Educator Zora Martin-Felton and students tend the museum’s gardens as part of a summer science project. (Smithsonian Institution Archives)

These next few days as we anticipate the start of spring, the Smithsonian’s Anacostia Community Museum finds itself in the midst of celebrations of particular resonance to the work of the past decade. Standing in the middle of Women’s History month and looking toward the 52nd celebration of Earth Day, the museum is in the planning stages of 2023’s “Our Environment, Our Future,” which will see an exploration of the ongoing role of women’s leadership in environmental efforts in the greater Washington area and an ongoing exploration of stewardship along the Anacostia. These efforts coming out of the ongoing work of the Urban Waterways Project. In 2010, when then Senior Historian Dr. Gail Lowe decided it was time for an exploration of the Anacostia River, she developed a framework that acknowledges the ongoing relationship between the Anacostia and its city … its communities, its people. This humanities-led framing of the river allowed for a broadening of traditional expectations of environmental history by placing it within the larger context of community history…a connection to and stewardship of place.

This shift of expectation was made possible only through an adherence to ACM’s then-43-year practice of respect for and partnership with its community stakeholders. In the development of the project, Dr. Lowe was also building on the museum’s environmental engagement which can be traced to the innovative leadership of Zora Martin-Felton, the late Founding Director of Education at the then Anacostia Neighborhood Museum (ANM). Martin-Felton was a leading force in the development of the groundbreaking and controversial “The Rat: Man’s Invited Infliction.” The museum’s first exploration of an ecological problem in an urban setting, the exhibition came out of conversations with ANM’s youngest stakeholders. Over the next two decades, Martin-Felton’s environmental efforts included the development of a youth garden program, youth-led research projects on air quality, and a 1994 daylong conference, “Environmental Issues and Concerns East of the Anacostia River: Justice or Just Us?”

Students of the Anacostia Community Museum Academy enjoy a Chesapeake Estuary Tour with the Smithsonian Environmental Research Center. (Photograph by Susana Raab, Anacostia Community Museum Archives, Smithsonian Institution)
Students of the Anacostia Community Museum Academy enjoy a Chesapeake Estuary Tour with the Smithsonian Environmental Research Center. (Photograph by Susana Raab, Anacostia Community Museum Archives, Smithsonian Institution)

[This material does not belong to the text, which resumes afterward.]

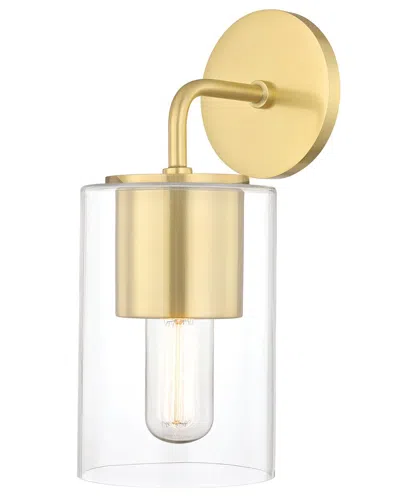 MITZI MITZI LULA WALL SCONCE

Ultimately, Urban Waterways has served as the next phase of ACM’s environmental work. Conversations, oral histories, exhibitions, forums, youth programs, and national convenings have allowed for the documentation of community-led efforts to restore and reclaim the Anacostia for all residents. It has also allowed for more nuanced explorations of definitions of environment, how environmentalism can be practiced, and how such efforts are part of larger movements toward justice. As the work has unfolded, Urban Waterways has centered the ongoing role of women as leaders and integral collaborators in efforts to restore their communities (inclusive of its blue, green, and grey spaces) and featured women’s contributions as undeniable facets of communities’ environmental histories. Women have been central to the early days of clean-ups along the Anacostia, members of some of the earliest organizations engaged in restoration efforts for over thirty years. They have led efforts to provide access to the river and its environs through boating, reconnecting residents to Anacostia Park, activating the green spaces of Oxon Run, developing the Festival del Rio Anacostia, documenting the beauty of the river and its communities, and connecting youth to STEM pathways. In recognition of the often-buried legacy of women’s environmental leadership 2018 saw the next phase of the museum’s environmental work with the launch of Women’s Environmental Leadership (WEL), an intergenerational initiative guided by the principles of mentorship, education/training, and leadership, which provides a platform through which women of diverse backgrounds and experiences have gathered to explore inspirations behind their work and the multiple ways to action.

Akiima Price and Ruby Stemmle serve on a panel titled "The Environmentalist in your Neighborhood" at the 2019 WEL Summit. (Photograph by Susana Raab, Anacostia Community Museum Archives, Smithsonian Institution)
Akiima Price and Ruby Stemmle serve on a panel titled “The Environmentalist in your Neighborhood” at the 2019 WEL Summit. (Photograph by Susana Raab, Anacostia Community Museum Archives, Smithsonian Institution)

This year, the museum prepares for 2023’s opening of “To Live Without Harm: Women and Environmental Justice in Greater Washington” and launch of our Environmental Justice Academy which will gather a cohort of young women of color living in communities along the Anacostia River to explore multiple definitions of environment and available avenues for participation in environmental advocacy. The various community-based collaborations throughout ACM’s decadeslong environmental engagement reveal community histories that push back against convenient narratives which assume a lack of engagement and participation in issues of environmental concern. Environmentalism, in its many forms, is an act of civic engagement that has been an important facet of community history and a practice through which women have contributed to the health of their communities and ongoing efforts toward justice. Environmentalism is community history. Environmentalism is women’s history.